◆ Information given ◆
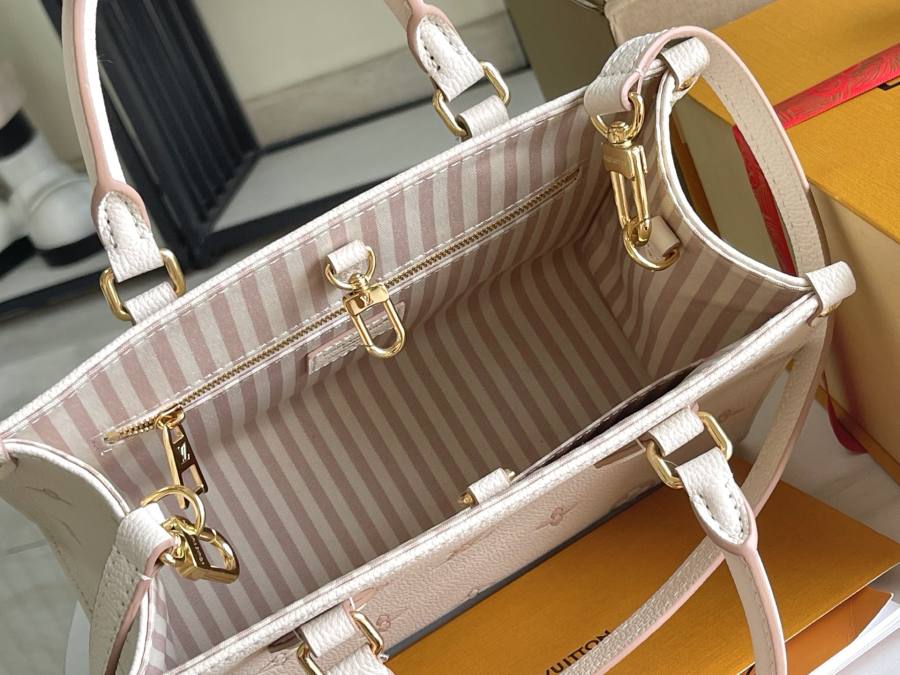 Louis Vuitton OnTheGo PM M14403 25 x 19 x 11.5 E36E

--

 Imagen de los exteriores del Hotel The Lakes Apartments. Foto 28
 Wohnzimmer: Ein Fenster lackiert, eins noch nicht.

==

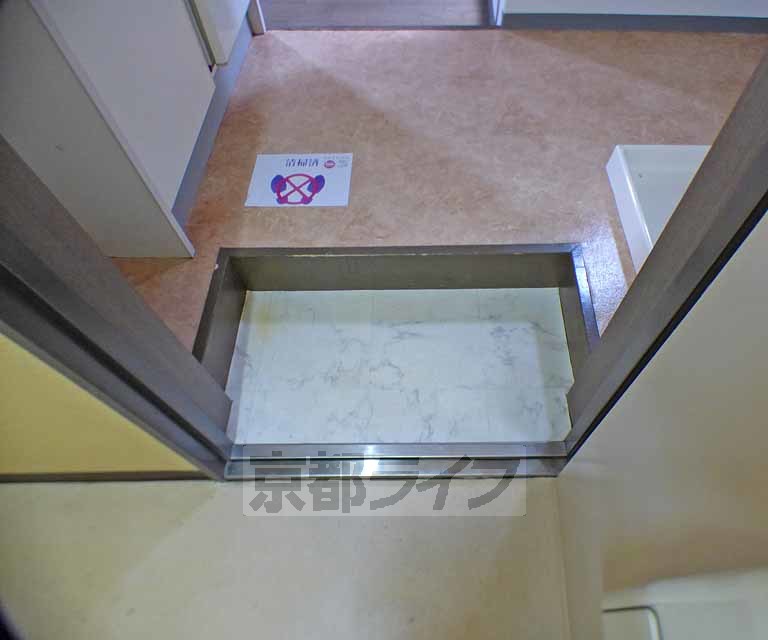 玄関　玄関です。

◆ Problem description ◆
Your task for the entries above: copy exactly the span starting with the line with "Imagen de los" and going on through the line with "Wohnzimmer: Ein Fenster", both lines included, and nothing else.

◆ Solution to this task ◆
 Imagen de los exteriores del Hotel The Lakes Apartments. Foto 28
 Wohnzimmer: Ein Fenster lackiert, eins noch nicht.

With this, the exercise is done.